:: INFORMATION PROVIDED ::
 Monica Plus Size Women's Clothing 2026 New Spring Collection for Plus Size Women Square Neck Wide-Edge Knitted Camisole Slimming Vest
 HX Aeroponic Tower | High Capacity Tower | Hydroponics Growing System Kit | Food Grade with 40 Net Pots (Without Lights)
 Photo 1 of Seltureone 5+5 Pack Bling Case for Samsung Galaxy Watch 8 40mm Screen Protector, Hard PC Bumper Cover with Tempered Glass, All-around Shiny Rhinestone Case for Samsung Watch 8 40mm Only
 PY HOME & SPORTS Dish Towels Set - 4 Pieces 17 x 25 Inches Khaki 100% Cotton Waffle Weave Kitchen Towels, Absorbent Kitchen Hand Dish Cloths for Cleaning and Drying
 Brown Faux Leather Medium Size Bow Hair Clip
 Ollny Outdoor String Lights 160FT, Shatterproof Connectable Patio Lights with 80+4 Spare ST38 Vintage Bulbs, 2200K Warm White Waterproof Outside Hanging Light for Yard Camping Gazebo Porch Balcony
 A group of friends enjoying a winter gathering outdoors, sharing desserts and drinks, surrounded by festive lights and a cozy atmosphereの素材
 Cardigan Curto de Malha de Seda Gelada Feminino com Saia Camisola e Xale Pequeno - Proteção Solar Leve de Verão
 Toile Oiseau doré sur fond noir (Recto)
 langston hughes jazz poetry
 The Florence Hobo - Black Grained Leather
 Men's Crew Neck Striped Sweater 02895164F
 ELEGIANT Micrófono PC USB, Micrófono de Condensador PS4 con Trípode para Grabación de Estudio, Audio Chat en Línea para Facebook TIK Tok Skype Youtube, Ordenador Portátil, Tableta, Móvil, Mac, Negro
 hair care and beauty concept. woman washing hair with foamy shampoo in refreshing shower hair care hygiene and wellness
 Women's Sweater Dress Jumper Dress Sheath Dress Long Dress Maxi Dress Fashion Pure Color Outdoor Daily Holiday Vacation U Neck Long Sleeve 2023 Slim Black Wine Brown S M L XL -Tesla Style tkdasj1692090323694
:::
WHAT YOU SHOULD DO
Based on the entries above, give the number of lines with the string "Sweater" and no further text.

EXERCISE OUTPUT
2